Assigned task:
In the entries below, the lines from the one with "Nikon D3200 sample" through the one with "Segovia reunirá concursos" are to be copied exactly; both ends count.

Brief descriptive captions
=== Begin Enclosure ===
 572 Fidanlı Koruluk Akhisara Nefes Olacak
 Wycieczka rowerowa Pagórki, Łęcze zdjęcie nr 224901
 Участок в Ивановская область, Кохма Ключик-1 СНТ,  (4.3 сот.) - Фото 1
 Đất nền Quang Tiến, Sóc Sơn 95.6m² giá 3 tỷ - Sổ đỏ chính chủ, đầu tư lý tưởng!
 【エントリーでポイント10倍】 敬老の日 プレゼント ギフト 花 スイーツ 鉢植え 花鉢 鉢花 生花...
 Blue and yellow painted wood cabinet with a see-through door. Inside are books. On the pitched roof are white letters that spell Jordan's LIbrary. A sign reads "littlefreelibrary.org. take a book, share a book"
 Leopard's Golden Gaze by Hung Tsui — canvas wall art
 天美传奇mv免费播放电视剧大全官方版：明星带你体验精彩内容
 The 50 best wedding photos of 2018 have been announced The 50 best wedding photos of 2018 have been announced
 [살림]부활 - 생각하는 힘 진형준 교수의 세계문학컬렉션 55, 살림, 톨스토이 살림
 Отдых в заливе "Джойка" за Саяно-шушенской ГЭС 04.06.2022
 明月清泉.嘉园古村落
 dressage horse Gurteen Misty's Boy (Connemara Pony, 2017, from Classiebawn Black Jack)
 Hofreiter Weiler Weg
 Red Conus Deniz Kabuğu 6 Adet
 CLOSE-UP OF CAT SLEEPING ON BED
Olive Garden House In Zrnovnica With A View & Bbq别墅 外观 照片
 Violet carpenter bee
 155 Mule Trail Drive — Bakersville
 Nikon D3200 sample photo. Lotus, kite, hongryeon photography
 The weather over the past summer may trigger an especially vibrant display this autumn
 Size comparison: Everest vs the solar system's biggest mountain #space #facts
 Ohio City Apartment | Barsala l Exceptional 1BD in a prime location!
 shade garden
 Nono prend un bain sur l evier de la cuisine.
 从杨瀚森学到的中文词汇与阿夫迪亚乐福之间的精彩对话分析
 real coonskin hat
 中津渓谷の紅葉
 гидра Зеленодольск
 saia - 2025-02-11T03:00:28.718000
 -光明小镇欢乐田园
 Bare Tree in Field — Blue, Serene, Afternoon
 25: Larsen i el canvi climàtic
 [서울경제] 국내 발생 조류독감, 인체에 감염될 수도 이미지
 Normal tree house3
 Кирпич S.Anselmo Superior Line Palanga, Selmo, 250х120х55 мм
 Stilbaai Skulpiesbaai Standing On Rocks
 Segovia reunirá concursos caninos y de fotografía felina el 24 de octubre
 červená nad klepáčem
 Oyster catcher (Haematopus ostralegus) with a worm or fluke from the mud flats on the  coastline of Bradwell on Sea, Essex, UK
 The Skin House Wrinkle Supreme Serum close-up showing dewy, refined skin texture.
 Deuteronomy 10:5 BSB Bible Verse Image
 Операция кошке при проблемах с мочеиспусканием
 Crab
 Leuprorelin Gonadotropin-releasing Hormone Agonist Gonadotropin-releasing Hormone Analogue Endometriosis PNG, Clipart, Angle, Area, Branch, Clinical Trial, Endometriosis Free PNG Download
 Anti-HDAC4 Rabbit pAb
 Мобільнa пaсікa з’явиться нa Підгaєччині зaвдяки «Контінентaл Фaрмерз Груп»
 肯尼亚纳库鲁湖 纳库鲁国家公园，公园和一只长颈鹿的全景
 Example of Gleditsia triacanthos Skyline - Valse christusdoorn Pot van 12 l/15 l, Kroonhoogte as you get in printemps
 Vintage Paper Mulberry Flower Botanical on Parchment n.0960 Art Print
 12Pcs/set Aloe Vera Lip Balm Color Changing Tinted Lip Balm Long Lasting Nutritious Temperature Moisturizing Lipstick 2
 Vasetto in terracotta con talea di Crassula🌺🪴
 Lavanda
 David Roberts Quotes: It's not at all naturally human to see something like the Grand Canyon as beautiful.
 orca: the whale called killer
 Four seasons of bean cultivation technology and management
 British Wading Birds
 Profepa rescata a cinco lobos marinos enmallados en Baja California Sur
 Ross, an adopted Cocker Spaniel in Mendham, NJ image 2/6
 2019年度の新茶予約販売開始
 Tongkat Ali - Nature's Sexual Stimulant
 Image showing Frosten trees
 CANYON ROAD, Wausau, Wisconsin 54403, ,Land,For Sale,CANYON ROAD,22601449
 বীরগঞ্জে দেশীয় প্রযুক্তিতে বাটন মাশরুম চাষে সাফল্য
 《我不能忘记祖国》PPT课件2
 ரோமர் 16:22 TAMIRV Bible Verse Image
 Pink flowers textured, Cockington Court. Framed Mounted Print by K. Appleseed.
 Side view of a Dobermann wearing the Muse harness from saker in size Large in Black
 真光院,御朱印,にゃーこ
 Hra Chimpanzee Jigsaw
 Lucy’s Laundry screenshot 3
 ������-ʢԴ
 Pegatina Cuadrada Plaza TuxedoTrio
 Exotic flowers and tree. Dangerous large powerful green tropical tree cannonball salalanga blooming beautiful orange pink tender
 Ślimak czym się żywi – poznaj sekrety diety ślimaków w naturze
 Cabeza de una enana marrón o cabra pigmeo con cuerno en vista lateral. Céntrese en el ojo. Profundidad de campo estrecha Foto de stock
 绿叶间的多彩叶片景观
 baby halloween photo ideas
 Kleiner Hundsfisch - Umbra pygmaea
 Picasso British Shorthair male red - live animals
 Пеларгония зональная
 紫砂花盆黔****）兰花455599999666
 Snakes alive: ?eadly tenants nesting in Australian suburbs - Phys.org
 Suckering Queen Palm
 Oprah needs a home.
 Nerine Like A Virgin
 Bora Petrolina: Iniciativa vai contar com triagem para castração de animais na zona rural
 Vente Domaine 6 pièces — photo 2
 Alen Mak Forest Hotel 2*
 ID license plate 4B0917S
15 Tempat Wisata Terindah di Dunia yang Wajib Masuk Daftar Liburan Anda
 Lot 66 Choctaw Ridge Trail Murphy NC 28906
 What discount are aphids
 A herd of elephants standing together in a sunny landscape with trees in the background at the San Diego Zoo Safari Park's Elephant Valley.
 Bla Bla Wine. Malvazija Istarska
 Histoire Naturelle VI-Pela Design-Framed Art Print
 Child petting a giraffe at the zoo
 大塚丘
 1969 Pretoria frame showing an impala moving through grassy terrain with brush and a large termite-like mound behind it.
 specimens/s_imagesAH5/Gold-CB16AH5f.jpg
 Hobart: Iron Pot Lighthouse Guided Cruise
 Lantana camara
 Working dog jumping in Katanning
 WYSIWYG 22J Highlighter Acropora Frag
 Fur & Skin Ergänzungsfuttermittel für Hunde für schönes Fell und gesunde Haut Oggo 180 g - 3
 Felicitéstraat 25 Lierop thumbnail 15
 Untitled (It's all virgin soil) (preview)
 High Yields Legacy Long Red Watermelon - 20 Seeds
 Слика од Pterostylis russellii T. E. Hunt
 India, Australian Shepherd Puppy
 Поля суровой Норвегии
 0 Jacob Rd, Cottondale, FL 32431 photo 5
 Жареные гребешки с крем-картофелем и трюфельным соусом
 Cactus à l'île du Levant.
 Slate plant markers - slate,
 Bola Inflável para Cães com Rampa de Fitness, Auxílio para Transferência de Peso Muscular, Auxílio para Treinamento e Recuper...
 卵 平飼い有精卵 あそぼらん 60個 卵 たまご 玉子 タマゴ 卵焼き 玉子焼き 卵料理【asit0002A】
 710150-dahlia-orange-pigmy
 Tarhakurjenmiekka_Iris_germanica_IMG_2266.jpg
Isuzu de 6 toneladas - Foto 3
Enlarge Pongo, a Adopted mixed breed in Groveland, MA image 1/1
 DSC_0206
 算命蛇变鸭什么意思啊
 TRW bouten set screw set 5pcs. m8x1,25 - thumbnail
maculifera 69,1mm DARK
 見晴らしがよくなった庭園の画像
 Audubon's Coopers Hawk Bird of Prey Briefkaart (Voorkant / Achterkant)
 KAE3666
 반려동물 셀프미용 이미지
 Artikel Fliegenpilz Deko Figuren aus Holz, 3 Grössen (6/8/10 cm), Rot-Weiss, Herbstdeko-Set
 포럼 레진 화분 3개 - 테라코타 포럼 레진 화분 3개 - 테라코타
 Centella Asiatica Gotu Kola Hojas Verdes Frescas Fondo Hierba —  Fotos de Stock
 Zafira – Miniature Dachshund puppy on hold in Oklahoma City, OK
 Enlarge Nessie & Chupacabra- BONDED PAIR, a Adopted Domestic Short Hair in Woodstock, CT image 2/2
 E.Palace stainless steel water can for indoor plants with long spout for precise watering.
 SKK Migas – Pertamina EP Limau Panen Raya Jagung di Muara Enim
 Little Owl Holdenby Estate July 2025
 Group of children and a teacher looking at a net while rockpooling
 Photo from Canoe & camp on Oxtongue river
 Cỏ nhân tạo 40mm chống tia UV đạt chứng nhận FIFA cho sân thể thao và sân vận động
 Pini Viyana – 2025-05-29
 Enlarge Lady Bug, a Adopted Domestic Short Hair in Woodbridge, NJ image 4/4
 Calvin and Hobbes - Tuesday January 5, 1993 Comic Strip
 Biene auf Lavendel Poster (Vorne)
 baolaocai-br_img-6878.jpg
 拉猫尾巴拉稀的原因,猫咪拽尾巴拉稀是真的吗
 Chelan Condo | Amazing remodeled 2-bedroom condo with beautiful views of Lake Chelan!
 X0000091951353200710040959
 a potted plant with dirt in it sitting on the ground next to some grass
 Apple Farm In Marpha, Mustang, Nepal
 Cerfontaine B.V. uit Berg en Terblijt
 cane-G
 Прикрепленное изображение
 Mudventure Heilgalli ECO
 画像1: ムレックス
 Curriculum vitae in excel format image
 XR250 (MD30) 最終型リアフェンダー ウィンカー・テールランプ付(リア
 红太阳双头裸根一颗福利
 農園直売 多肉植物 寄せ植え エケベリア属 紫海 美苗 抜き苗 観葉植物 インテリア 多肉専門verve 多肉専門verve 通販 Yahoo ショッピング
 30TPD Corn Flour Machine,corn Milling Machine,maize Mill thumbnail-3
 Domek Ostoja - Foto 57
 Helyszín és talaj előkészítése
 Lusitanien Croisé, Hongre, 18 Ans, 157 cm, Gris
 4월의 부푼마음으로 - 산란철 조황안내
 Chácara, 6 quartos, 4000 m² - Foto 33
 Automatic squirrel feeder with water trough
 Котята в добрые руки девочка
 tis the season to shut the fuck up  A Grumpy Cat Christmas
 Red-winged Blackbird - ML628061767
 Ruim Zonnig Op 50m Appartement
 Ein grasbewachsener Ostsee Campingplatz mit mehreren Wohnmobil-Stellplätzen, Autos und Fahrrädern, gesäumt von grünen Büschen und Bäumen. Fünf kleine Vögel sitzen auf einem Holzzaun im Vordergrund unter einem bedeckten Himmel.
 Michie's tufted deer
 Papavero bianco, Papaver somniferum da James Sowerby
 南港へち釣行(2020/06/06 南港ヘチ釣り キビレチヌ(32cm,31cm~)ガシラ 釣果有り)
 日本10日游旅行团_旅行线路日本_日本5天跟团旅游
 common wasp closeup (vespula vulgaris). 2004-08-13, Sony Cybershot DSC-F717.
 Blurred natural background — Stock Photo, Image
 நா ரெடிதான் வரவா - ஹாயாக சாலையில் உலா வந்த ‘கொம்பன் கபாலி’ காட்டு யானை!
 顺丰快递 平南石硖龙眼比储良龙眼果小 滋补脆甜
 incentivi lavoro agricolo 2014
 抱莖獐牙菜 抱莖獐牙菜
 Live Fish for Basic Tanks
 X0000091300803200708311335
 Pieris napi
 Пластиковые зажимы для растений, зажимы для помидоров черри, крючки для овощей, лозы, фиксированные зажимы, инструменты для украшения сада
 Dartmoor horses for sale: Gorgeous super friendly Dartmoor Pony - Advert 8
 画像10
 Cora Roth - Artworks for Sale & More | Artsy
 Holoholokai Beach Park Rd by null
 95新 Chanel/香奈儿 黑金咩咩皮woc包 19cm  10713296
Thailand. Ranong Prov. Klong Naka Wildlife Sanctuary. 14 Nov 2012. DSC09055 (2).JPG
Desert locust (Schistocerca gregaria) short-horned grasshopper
=== End Enclosure ===
Your solution:
 Nikon D3200 sample photo. Lotus, kite, hongryeon photography
 The weather over the past summer may trigger an especially vibrant display this autumn
 Size comparison: Everest vs the solar system's biggest mountain #space #facts
 Ohio City Apartment | Barsala l Exceptional 1BD in a prime location!
 shade garden
 Nono prend un bain sur l evier de la cuisine.
 从杨瀚森学到的中文词汇与阿夫迪亚乐福之间的精彩对话分析
 real coonskin hat
 中津渓谷の紅葉
 гидра Зеленодольск
 saia - 2025-02-11T03:00:28.718000
 -光明小镇欢乐田园
 Bare Tree in Field — Blue, Serene, Afternoon
 25: Larsen i el canvi climàtic
 [서울경제] 국내 발생 조류독감, 인체에 감염될 수도 이미지
 Normal tree house3
 Кирпич S.Anselmo Superior Line Palanga, Selmo, 250х120х55 мм
 Stilbaai Skulpiesbaai Standing On Rocks
 Segovia reunirá concursos caninos y de fotografía felina el 24 de octubre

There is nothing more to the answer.